> PROBLEM REQUIREMENTS
For this exercise, return only the lines in the records below from the one holding "批发创意指甲油瓶玻璃5ml异形美甲油空瓶配毛刷分装小瓶子" through the one holding "Weather Control Climate", including both, exactly as they appear and without pictures.

· · · ·

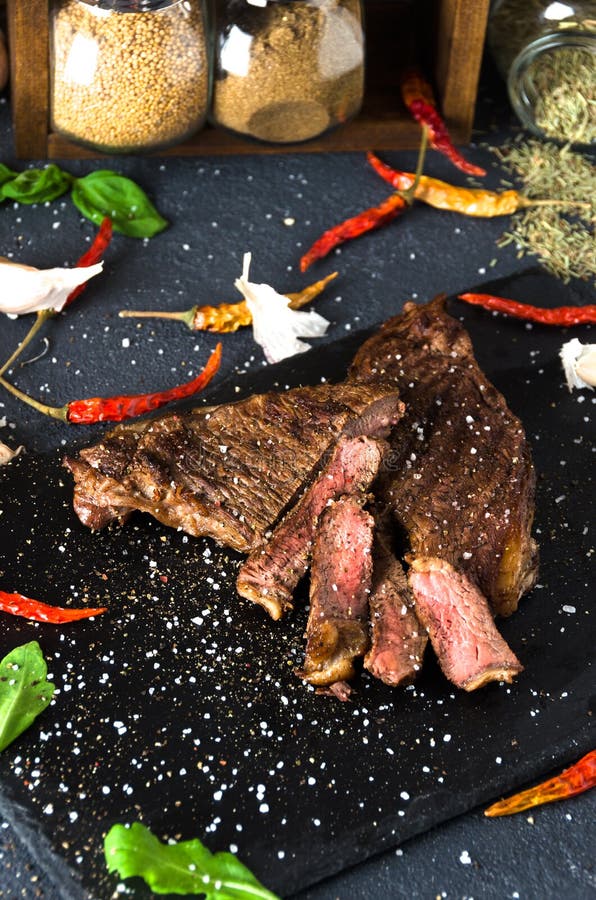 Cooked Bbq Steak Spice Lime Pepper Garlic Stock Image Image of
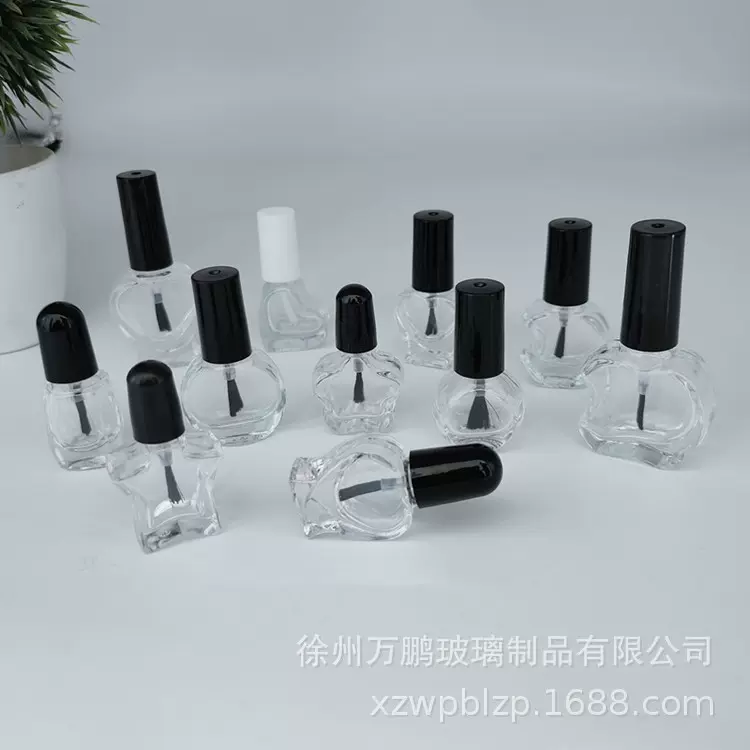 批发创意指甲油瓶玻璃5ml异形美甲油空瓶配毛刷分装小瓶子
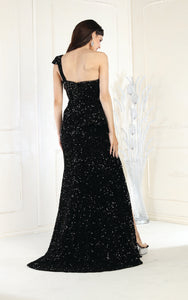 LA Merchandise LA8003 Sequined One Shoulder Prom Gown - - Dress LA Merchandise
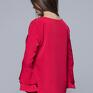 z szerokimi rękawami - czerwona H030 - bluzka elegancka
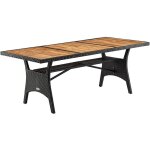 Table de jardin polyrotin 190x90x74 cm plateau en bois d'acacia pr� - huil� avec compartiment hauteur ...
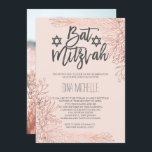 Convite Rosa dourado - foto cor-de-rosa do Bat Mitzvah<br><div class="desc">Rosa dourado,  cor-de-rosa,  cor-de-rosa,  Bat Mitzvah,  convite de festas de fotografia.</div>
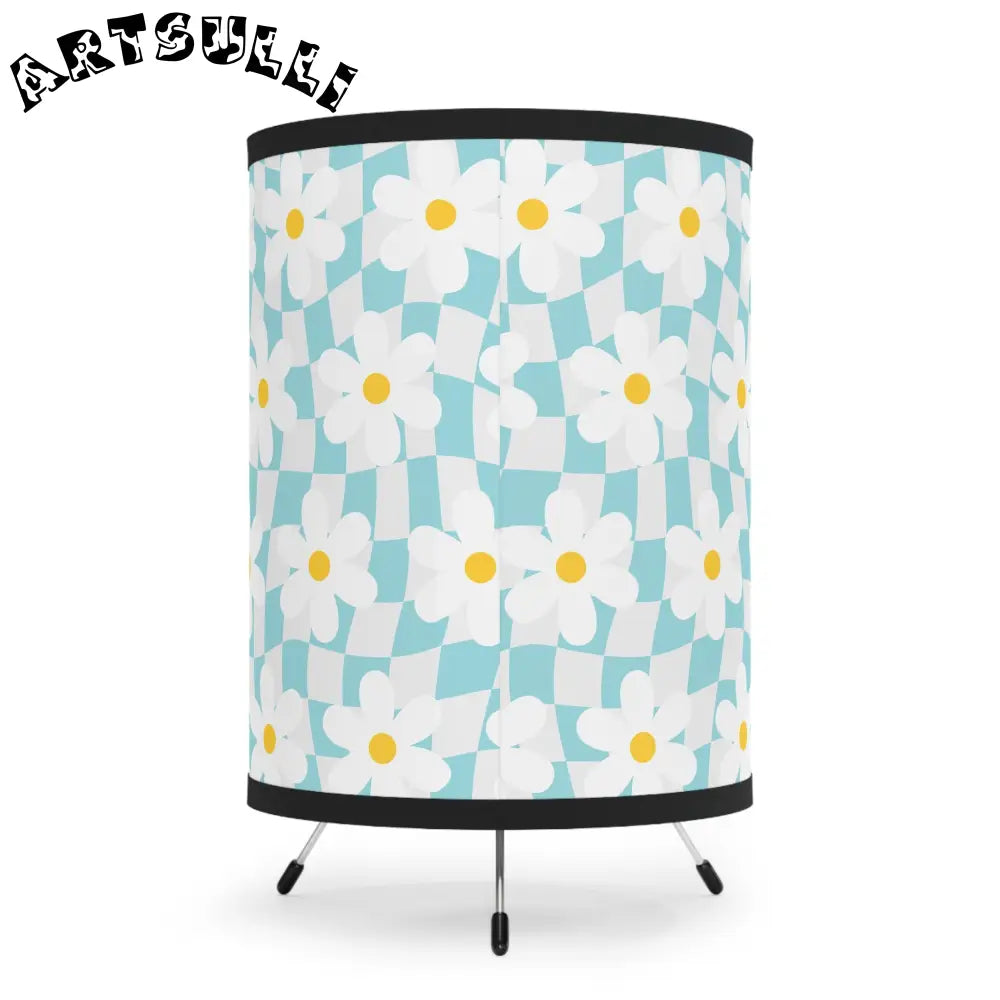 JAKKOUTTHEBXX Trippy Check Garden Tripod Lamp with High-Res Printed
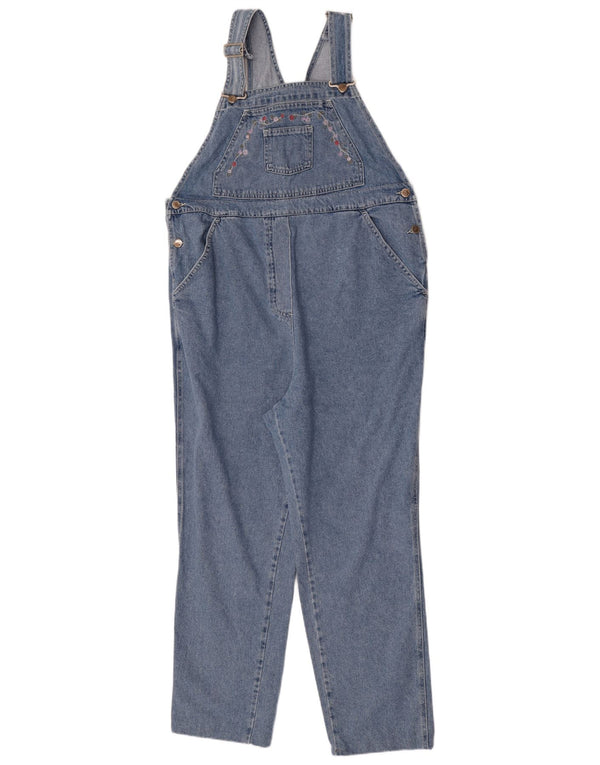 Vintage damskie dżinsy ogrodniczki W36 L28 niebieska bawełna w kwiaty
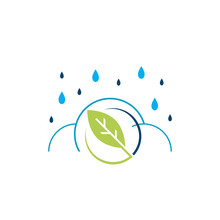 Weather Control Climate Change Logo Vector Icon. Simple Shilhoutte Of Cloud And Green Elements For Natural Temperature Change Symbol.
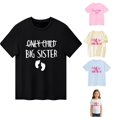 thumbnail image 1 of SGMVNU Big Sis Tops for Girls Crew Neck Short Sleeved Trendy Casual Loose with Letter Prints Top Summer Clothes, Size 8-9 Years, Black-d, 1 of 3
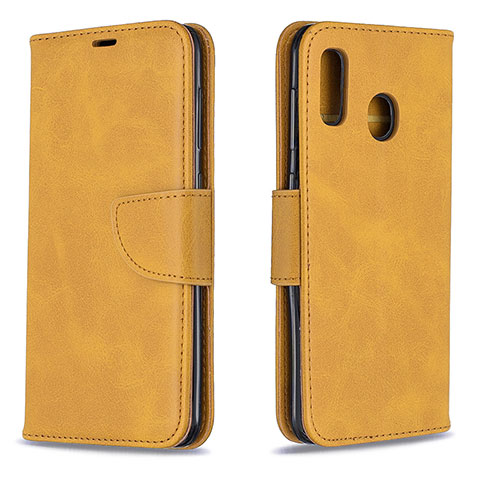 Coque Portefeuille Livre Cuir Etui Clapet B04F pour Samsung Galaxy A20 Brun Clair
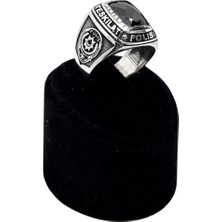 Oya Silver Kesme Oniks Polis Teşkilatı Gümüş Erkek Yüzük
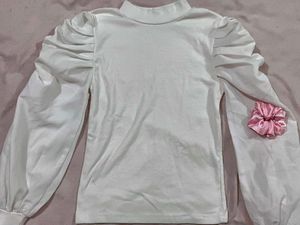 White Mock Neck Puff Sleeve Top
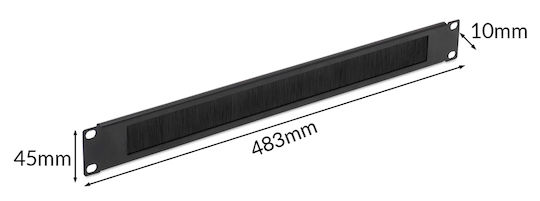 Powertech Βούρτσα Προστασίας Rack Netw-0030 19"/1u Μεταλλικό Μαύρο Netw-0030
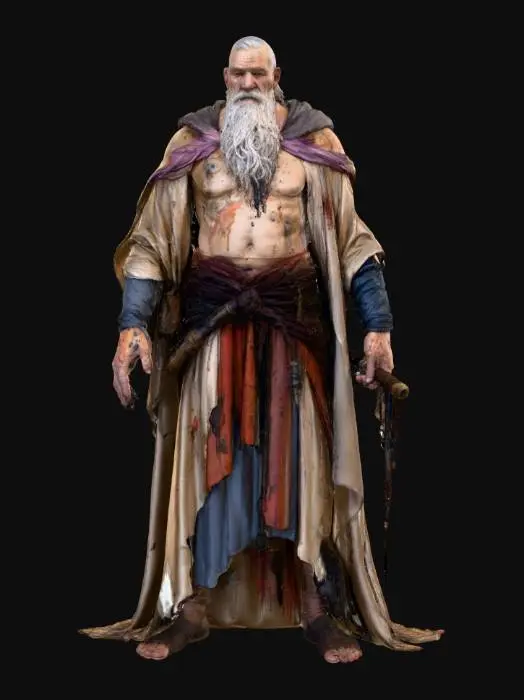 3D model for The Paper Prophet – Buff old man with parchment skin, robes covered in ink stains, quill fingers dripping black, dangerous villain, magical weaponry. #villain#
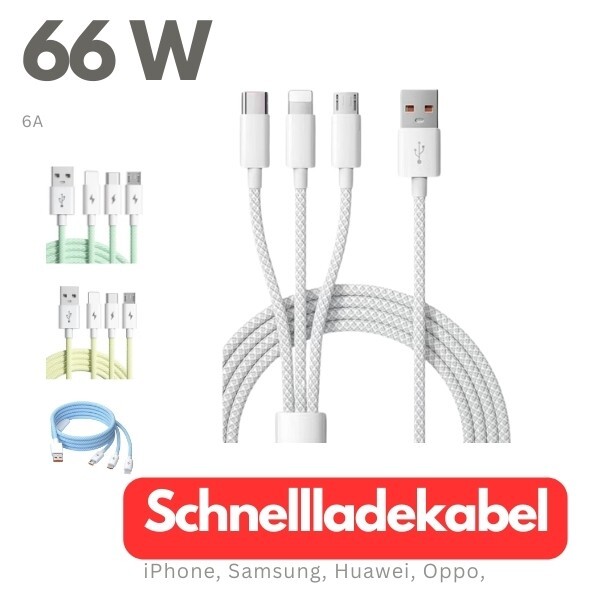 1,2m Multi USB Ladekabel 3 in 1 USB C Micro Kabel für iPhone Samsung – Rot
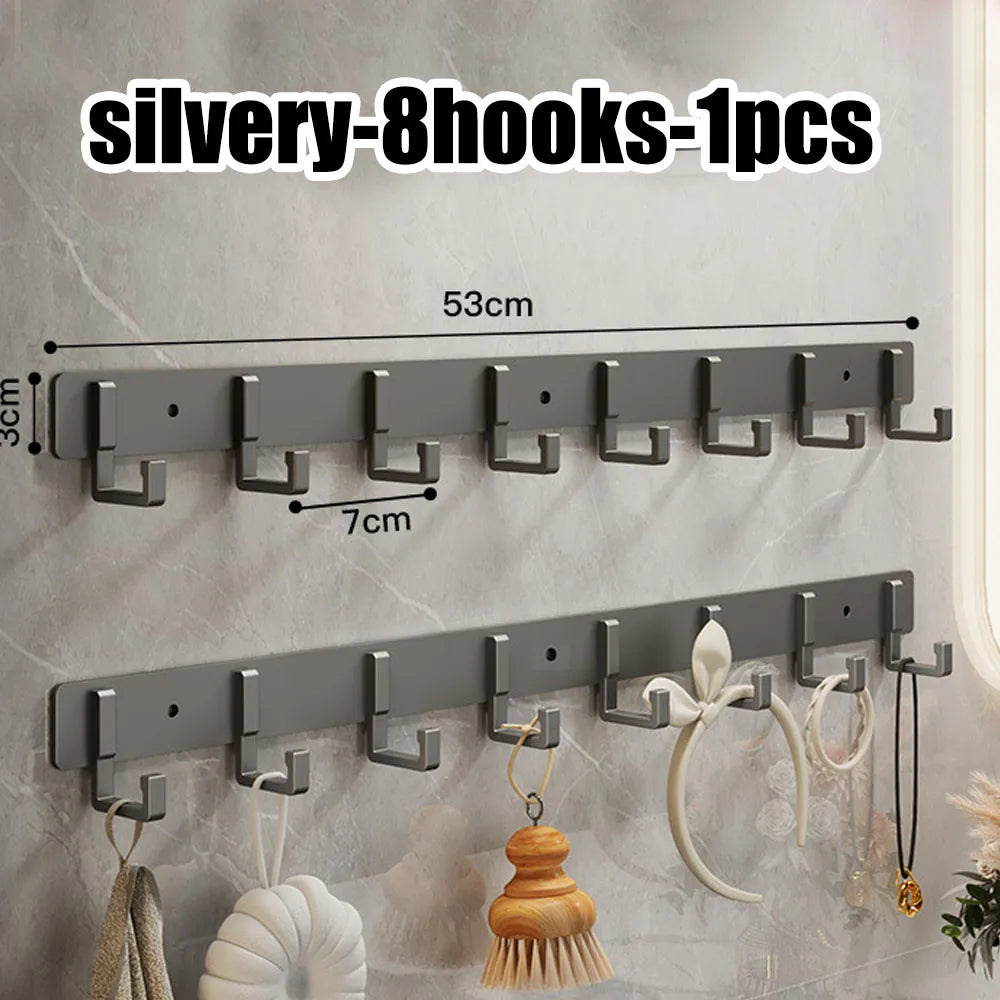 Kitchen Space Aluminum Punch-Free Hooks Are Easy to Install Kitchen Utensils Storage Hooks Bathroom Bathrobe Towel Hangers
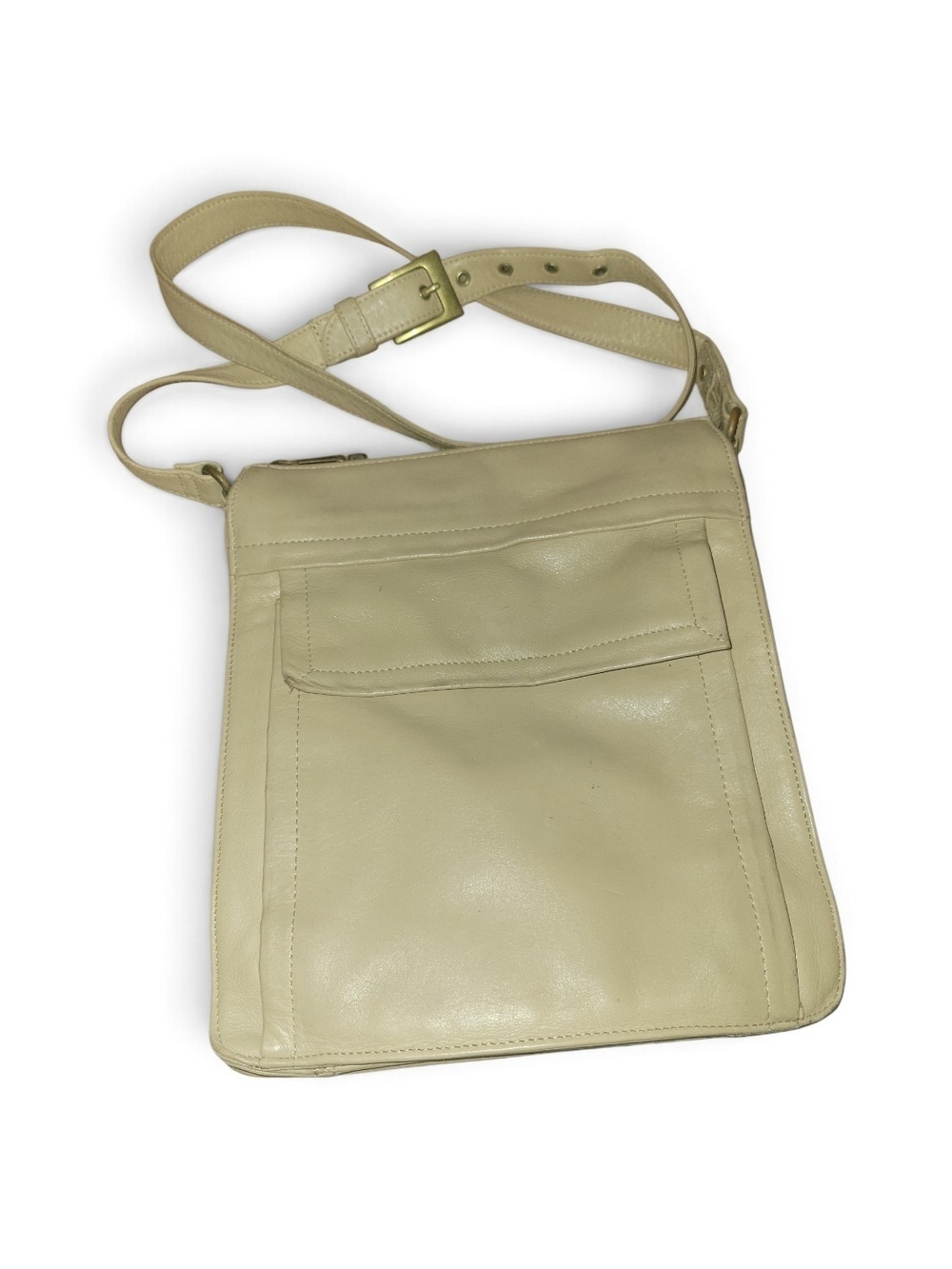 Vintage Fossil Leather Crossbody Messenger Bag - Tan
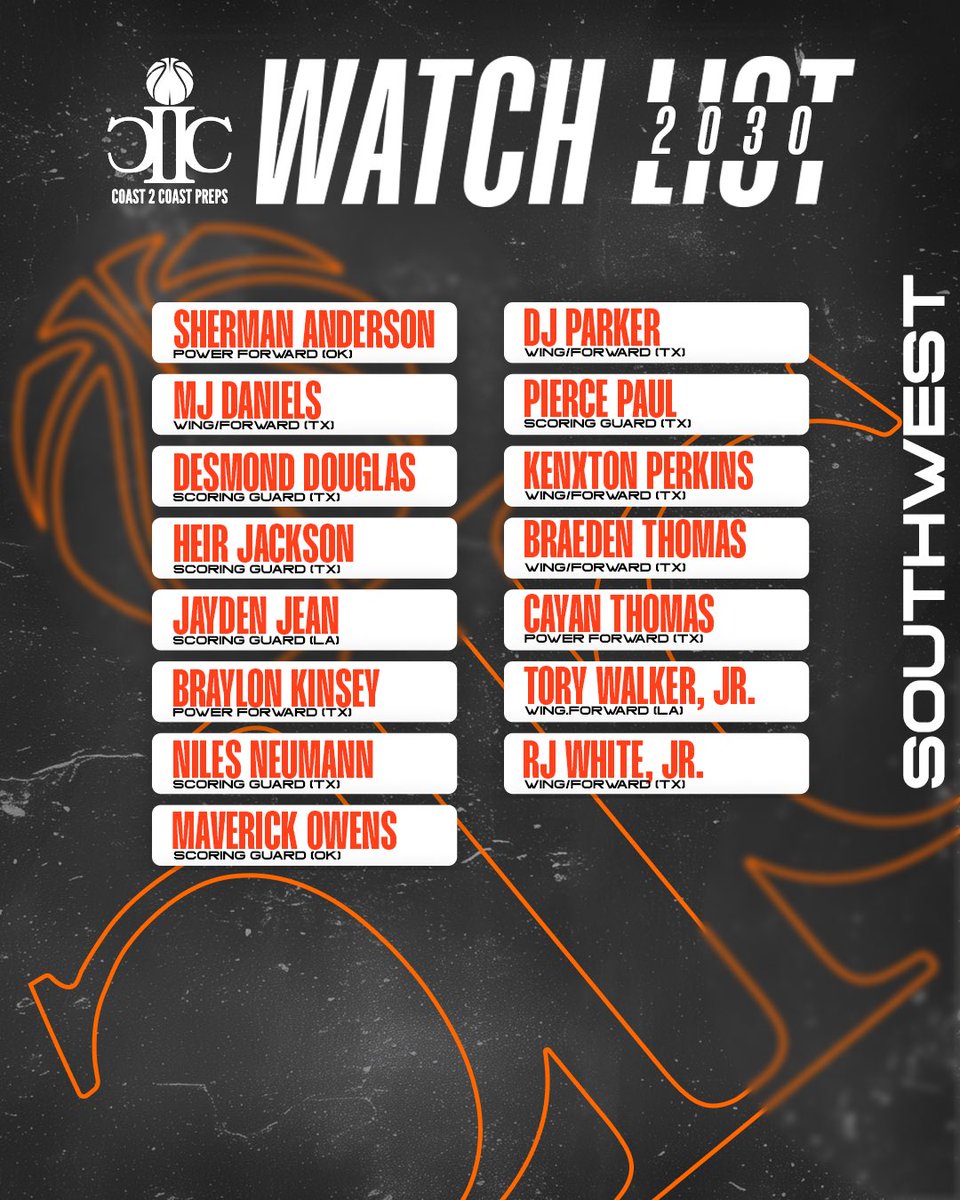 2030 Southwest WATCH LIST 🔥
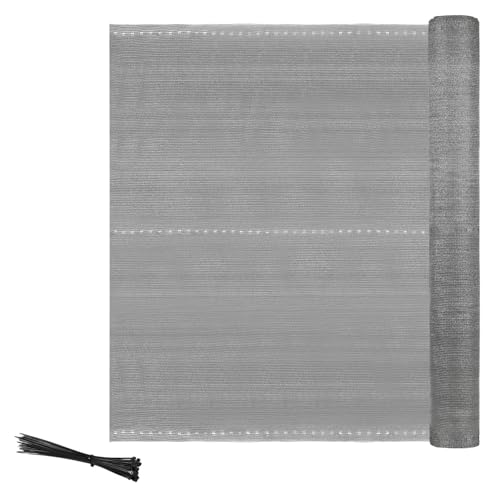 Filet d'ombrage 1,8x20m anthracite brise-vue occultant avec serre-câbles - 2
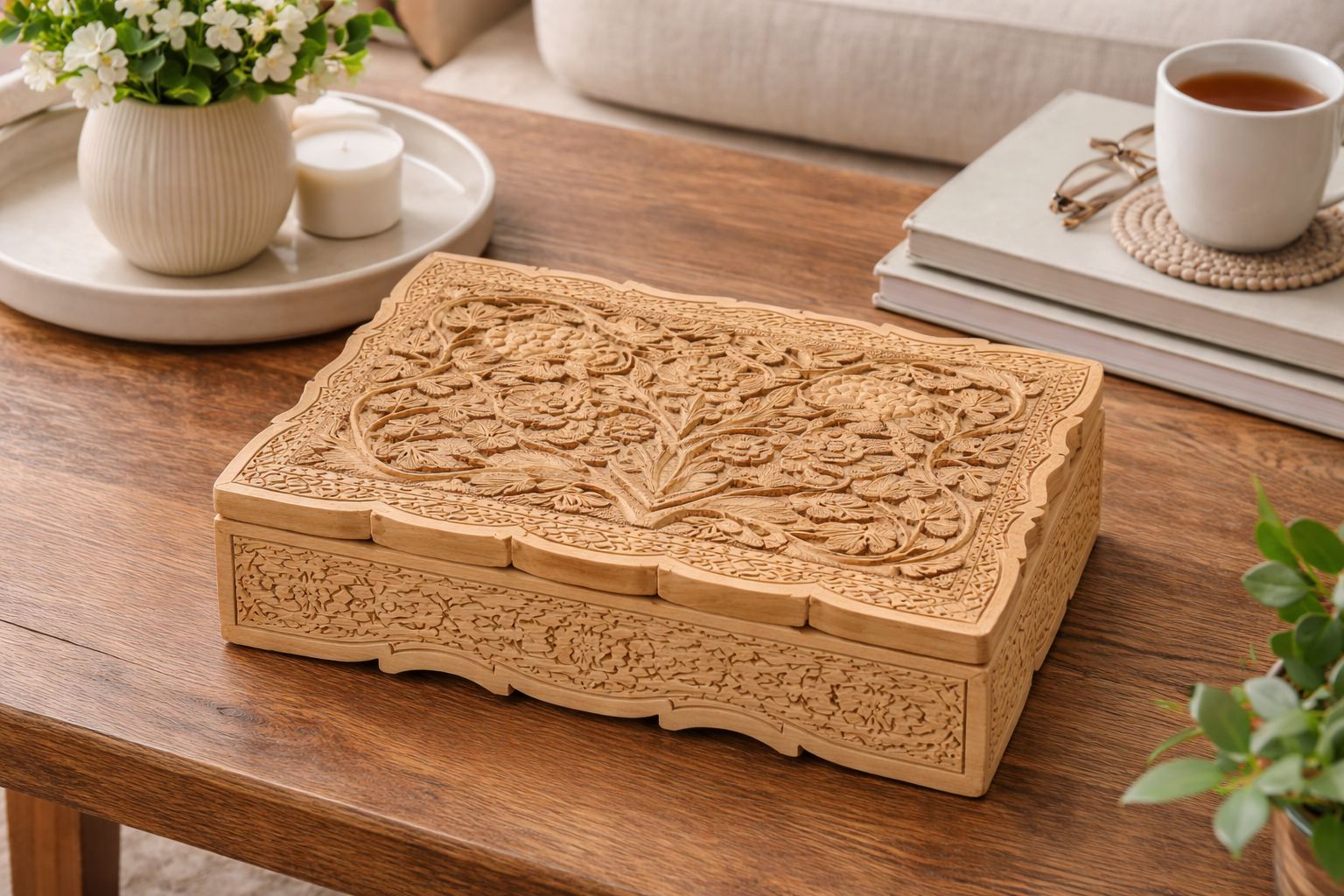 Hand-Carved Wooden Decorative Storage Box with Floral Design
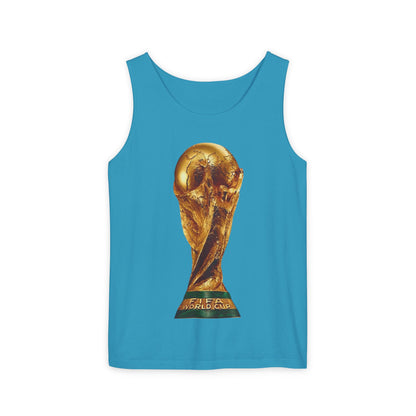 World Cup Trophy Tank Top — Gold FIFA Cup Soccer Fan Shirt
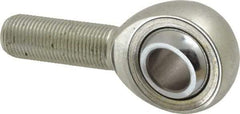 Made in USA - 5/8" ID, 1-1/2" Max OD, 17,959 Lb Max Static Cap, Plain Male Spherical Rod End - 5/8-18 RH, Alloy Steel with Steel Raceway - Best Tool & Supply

· · · ·

> WORKED SOLUTION
 批发创意指甲油瓶玻璃5ml异形美甲油空瓶配毛刷分装小瓶子
 LA Merchandise LA8003 Sequined One Shoulder Prom Gown - - Dress LA Merchandise
 z szerokimi rękawami - czerwona H030 - bluzka elegancka
 Table de jardin polyrotin 190x90x74 cm plateau en bois d'acacia pr� - huil� avec compartiment hauteur ...
 Convite Rosa dourado - foto cor-de-rosa do Bat Mitzvah<br><div class="desc">Rosa dourado,  cor-de-rosa,  cor-de-rosa,  Bat Mitzvah,  convite de festas de fotografia.</div>
 JAKKOUTTHEBXX Trippy Check Garden Tripod Lamp with High-Res Printed
 Vintage damskie dżinsy ogrodniczki W36 L28 niebieska bawełna w kwiaty
 Weather Control Climate Change Logo Vector Icon. Simple Shilhoutte Of Cloud And Green Elements For Natural Temperature Change Symbol.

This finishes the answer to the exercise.